Fiorentino, si immette nel mondo dell’arte già negli anni ’60.
E come in un cavallino purosangue, si notano subito in lui forti capacità espressive, che immediatamente lo indirizzano verso una brillante carriera pittorica, anche se con umiltà, visto il carattere riservato dell’artista. Approdato successivamente alla corrente surrealista, ne diviene un esponente, stilisticamente molto diverso e interiormente impegnato. Aggiunge alle tematiche fondamentali, il suo pensiero filosofico, conducendo i suoi esperimenti pittorici come una terapia, una medicina dell’anima, parla con il cuore, pensa, sperimenta, e ci riporta sulla tela quello che compone, mettendolo in ordine, elaborandolo con una meticolosità fotografica, sfiorando spesso l’iper realismo formale. Con sofferenza mosochistica, compone con calma nell’ombra del suo studio, sogna, inventa e crea. Mettendoci a conoscenza dei concetti intrapresi, come un impegno sociale. Mostra al mondo opere, che come figli dei propri desideri, danno il senso alla sua vita. Tutta la sua produzione, mette in risalto le problematiche e i limiti spaziali dell’esistenza e della vita contemporanea. Roberto Romoli, ci rappresenta un mondo parallelo, ideale, fuori dalla dinamica ordinaria delle cose. Alle volte con una serena interpretazione onirica, altre invece spinto da una forza sconosciuta, tende a trasmettere all’istante, fantasie da incubo post industriale. I significati pittorici in Roberto Romoli, sono l’esatta espressione delle proprie teorie filosofiche e politiche, e della liberazione oltre il limite naturale delle pulsioni dell’inconscio. In Roberto Romoli, come uomo e come artista, sono presenti anche le contraddizioni di ogni essere umano. Infatti è forte l’espressione spirituale, legata a questa nostra vita terrena spesso in contraddizione con le nostre aspirazioni, sfiorando i limiti della “paranoia”. In Romoli però, emerge una poetica molto personale che ne esalta una sorta di spirito di sopravvivenza arcaico, teso sempre e comunque al raggiungimento di quel sogno ideale. Sogno che ogni arte tende a raggiungere. Non esiste un’arte o una corrente di pensiero filosofico superiore alle altre e tutti cercano di raggiungere la medesima meta…
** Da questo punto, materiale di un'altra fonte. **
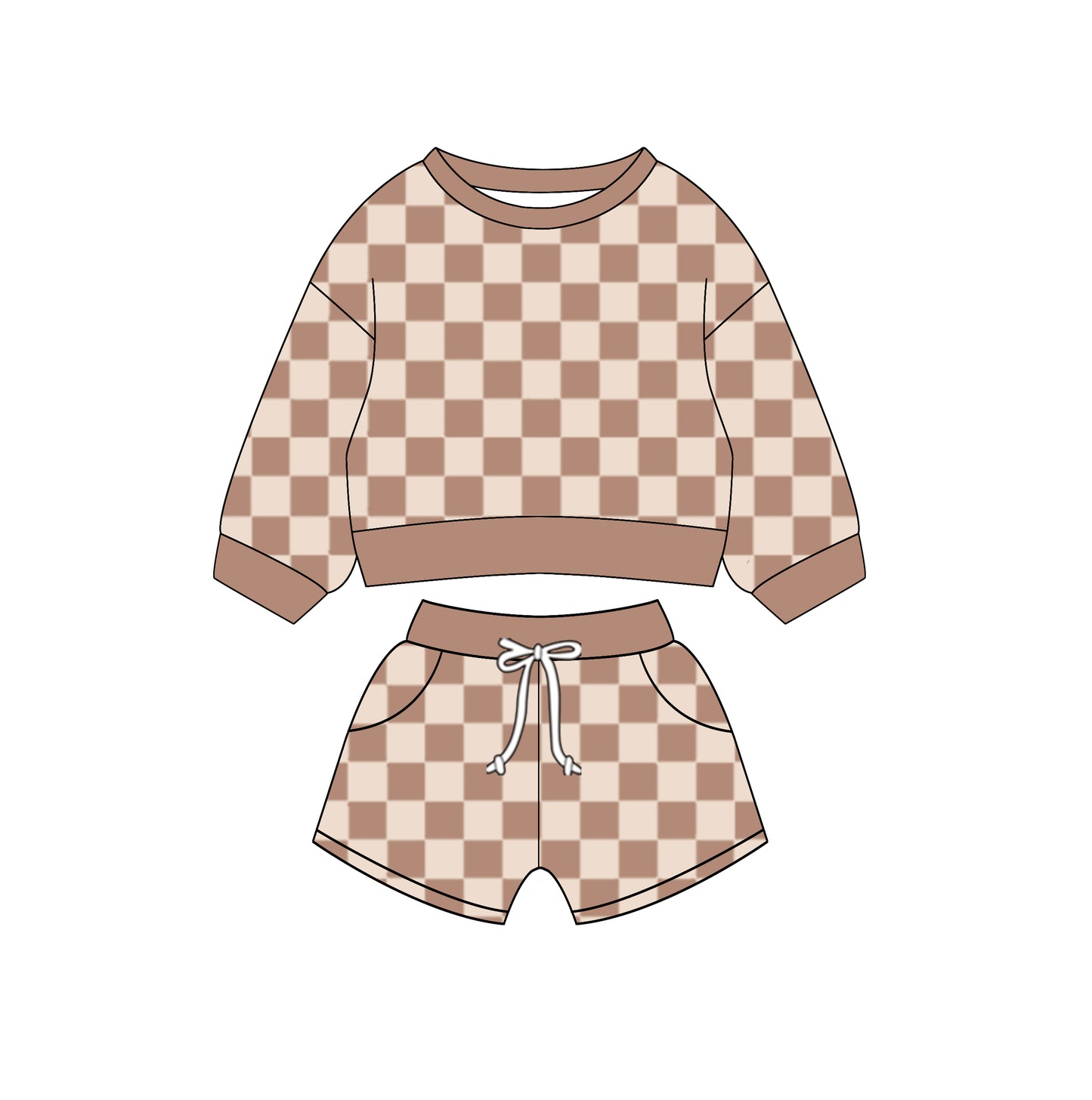 (Custom Design Preorder MOQ 5) Brown Plaid Long Sleeve Top Pockets Shorts Girls Clothes Set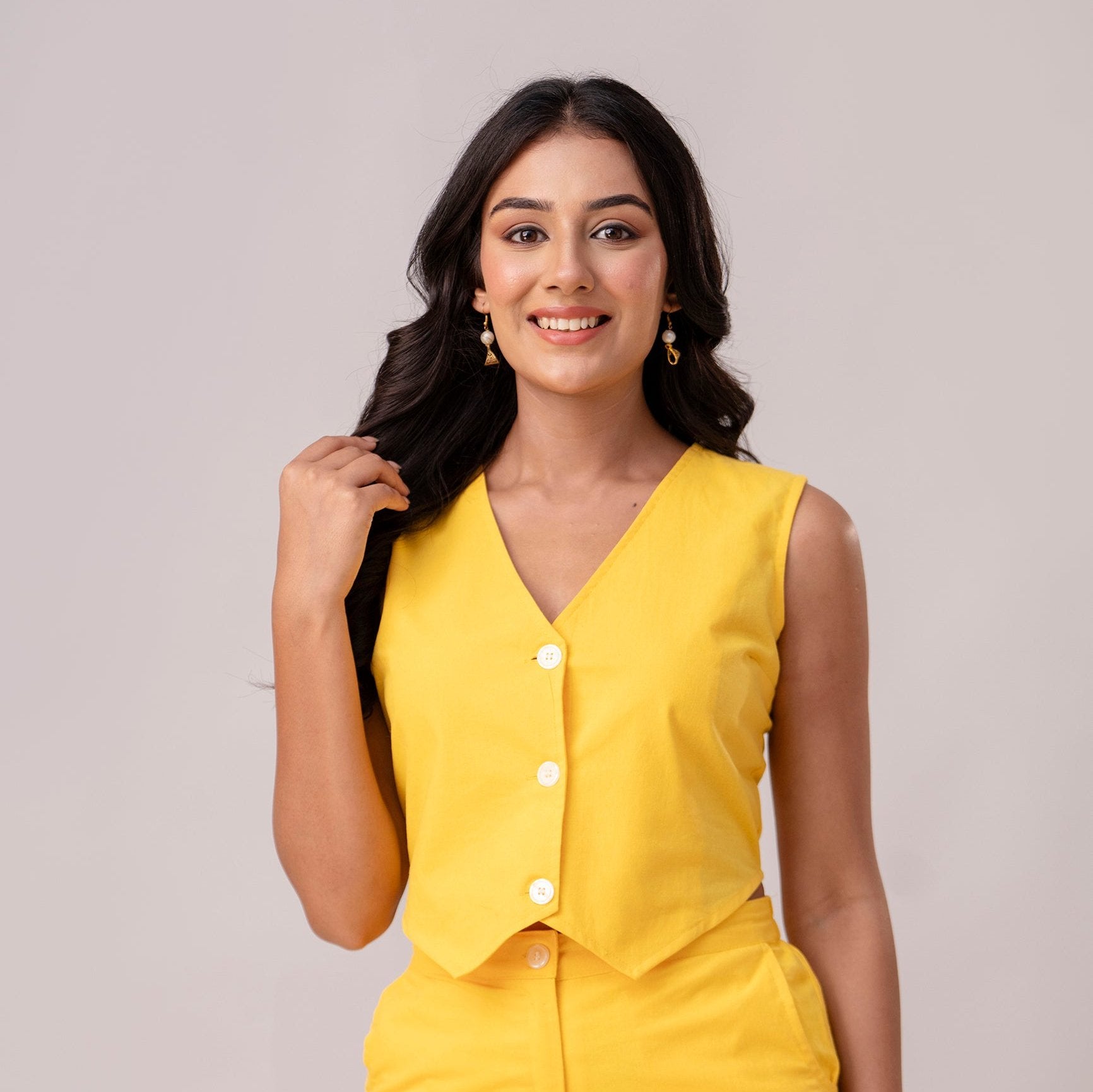 Yellow Timeless Cotton Waist Coat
Che oltre ad incantare chi poi ne usufruisce, determina quel senso di pace interiore e di completezza che l’artista, pittore, scultore, musicista, scrittore che sia, vive il bimbo che si emancipa ed evolve… permettendogli di andare oltre. Per cui, come scrisse Andrè Breton nel celebre manifesto del ’24 iniziando al mondo, questa corrente culturale ed umanistica: “Non l’arte per l’arte”. Ma arte che dirima e tenti di risolvere le contraddizioni di una vita troppo breve e troppo scontata, per cui l’intelligenza umana spesso è inadeguata, date le enormi capacità che può esprimere. Roberto Romoli nel suo piccolo, come tutti gli artisti ed intellettuali della storia, stà forgiando e costruendo se stesso, in quel piccolo mattone, che dovrà sorreggere insieme ad altri, l’enorme peso di quello che sarà il futuro del mondo, da donare all’umanità intera, con il cuore e il rispetto di una persona e di un artista speciale.